Violence by police and other state agents

For many Americans, the 1990s were bracketed by two signal instances of police brutality, on opposite coasts. The first was the March 1991 mass beating, captured on videotape, of Rodney King, a black motorist pulled over for speeding, then dragged from his car and battered senseless. The second was the 1999 killing of Amadou "Ahmed" Diallo, a 22-year-old immigrant from West Africa who was mowed down with the notorious "41 shots" (the subtitle of a subsequent Bruce Springsteen song) in a doorway in the Bronx, after reaching for his wallet to produce identification.

What was argued earlier about the blending of race and gender variables in the case of incarceration can be reiterated in analysing the phenomenon of police violence. In a bulletin accompanying a 1996 study of police brutality in New York City, Amnesty International noted that "nearly all the victims in the cases of deaths in custody and police shootings ... were from racial minorities -- particularly African-Americans, Latinos and Asians" (Amnesty International 1996). But nearly all of them were also men, and it can be argued that the gender variable is of even greater significance in the equation than the ethnic variable.(20) Those sceptical of this assertion might ask themselves the following questions: (1) Is such violence meted out to minority women on anything like a comparable scale?; and (2) Are minority women more likely than white men to receive such treatment? The answer to the first question, quite obviously, is "no"; and to the second, although statistics are hard to come by, "probably not." This suggests that gender may be the crucial enabling factor in the infliction of police brutality on both minority and non-minority Americans.

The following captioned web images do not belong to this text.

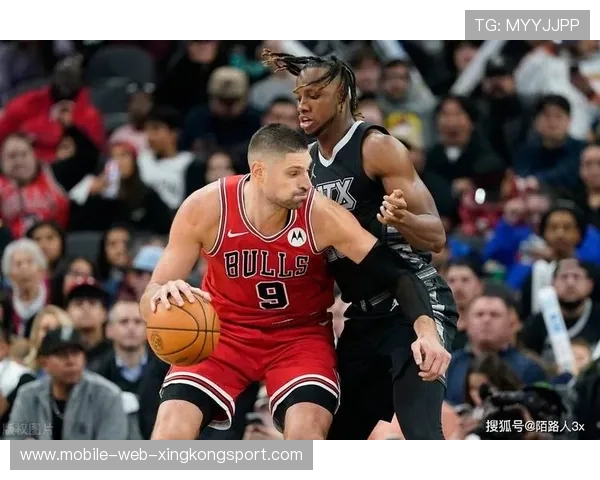 马刺终结对公牛连败魔咒!战术与心态双升级 马刺终结对公牛连败魔咒!战术与心态双升级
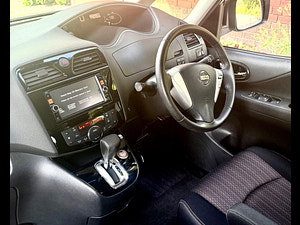 Nissan Serena thumbnail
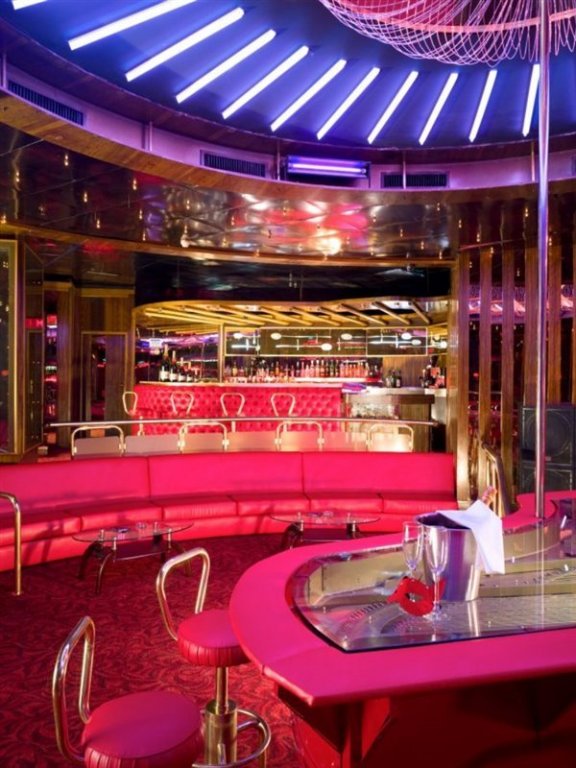 Фото Sofia Balkan Palace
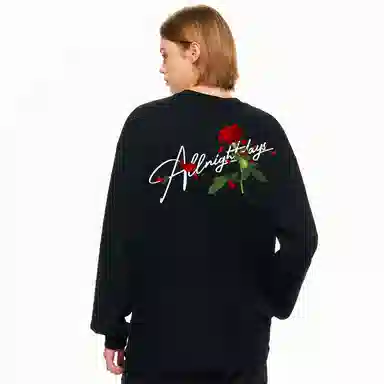 RECOLETA x OKET LOGOT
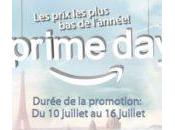 Prime Amazon promotions produits high-tech Aukey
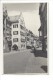 10304 -  Salzburg Carte Photo Vieilles Voitures Mimosa Gravura 1940-45 - Autres & Non Classés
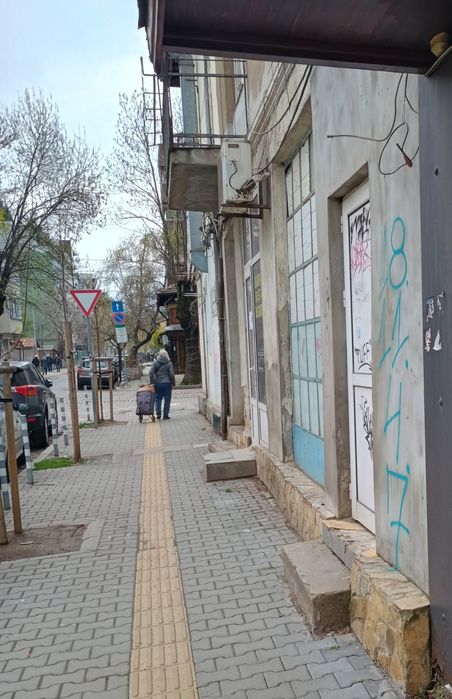 Дава се под наем Магазин в София, Зона Б-18 - 39 кв.м за 510 € - Снимка #6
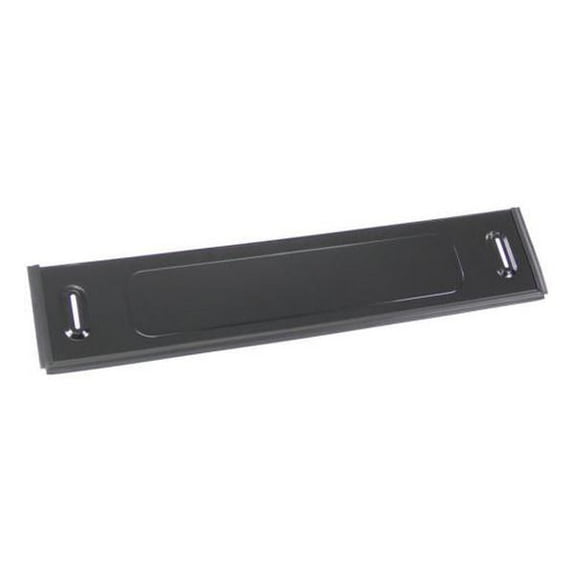 SAMSUNG DD82-01102B SVC ASSY-COVER FRONT LOWER;DW80F600UTB - GENUINE OEM PART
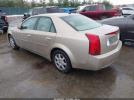 Cadillac CTS Standard Image 5
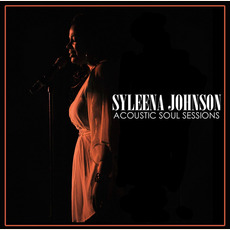 Acoustic Soul Sessions mp3 Album by Syleena Johnson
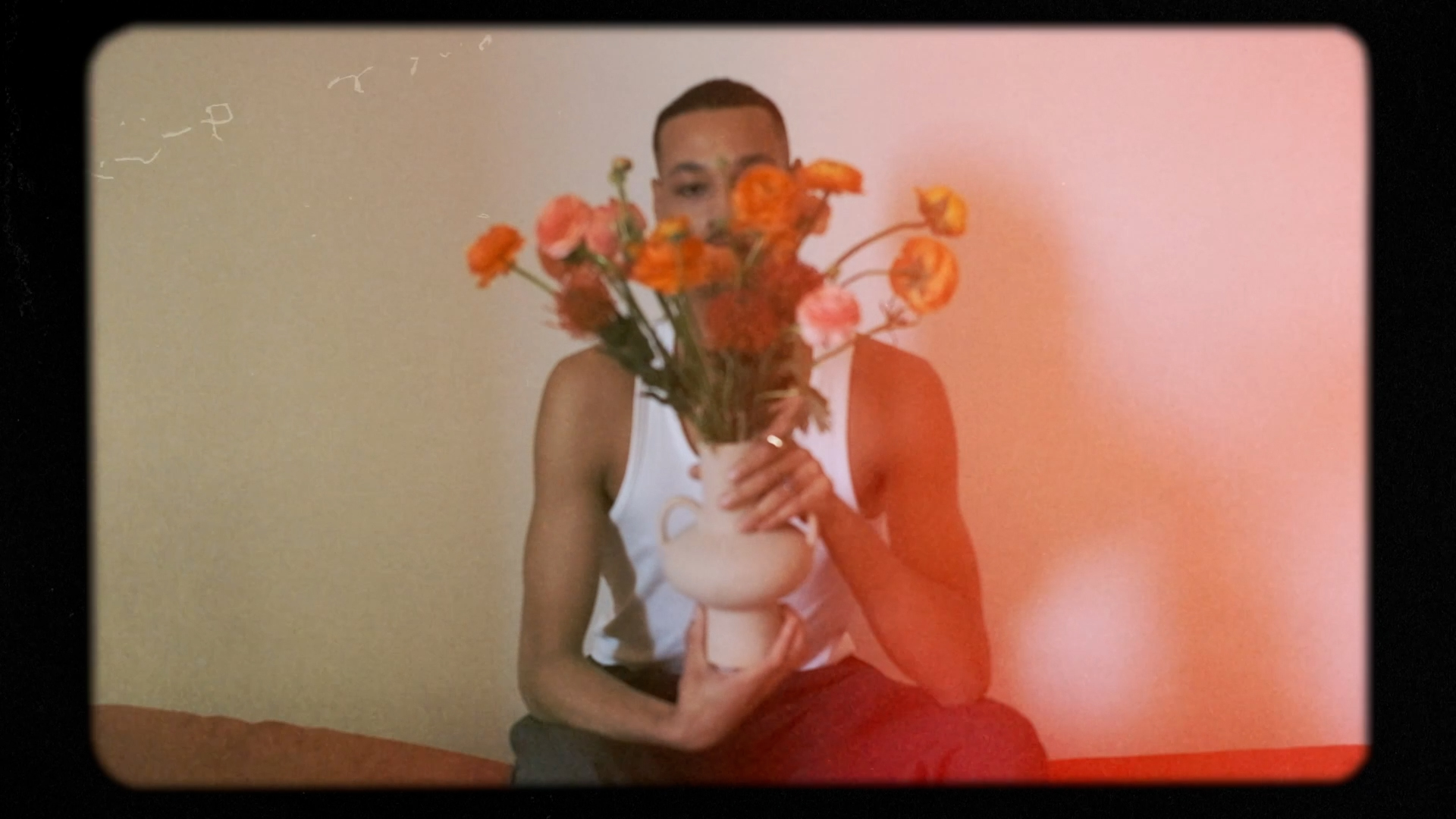 AIREJAR EL PENSAMENT – music video
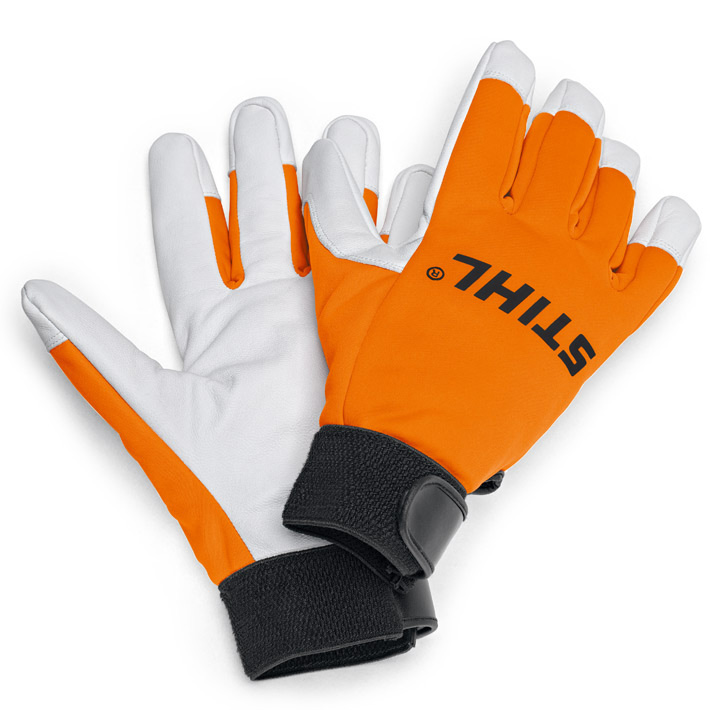 ADVANCE WINTER Professional work gloves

Recall, for instance, the almost baroque violence inflicted on Rodney King:

He [King] was brutally beaten by three officers with batons; shocked and burned twice with a stun gun; and kicked in the head, face and stomach while down on the ground, as a dozen other officers looked on. ... The [video] tape shows King on his knees, attached to an electrical line from the stun gun, being struck repeatedly by a baton-wielding policeman. As he falls to the ground, several officers take turns swinging at his legs. King rises to his knees and attempts to shield himself from the blows, but the policemen continue to smash him in the gut and on the legs. One kicks him, another stomps on his head or neck. One eyewitness heard King cry out, "Stop, please stop!" But the officers continued to rain at least 40 blows on the defenseless [393] and unresisting King, finally handcuffing and hog-tying him, and sending him, bleeding badly, to a nearby emergency room. There King received 20 stitches -- including five inside his mouth -- and treatment for burns, massive bruises and lacerations. (Novick 1991: 5).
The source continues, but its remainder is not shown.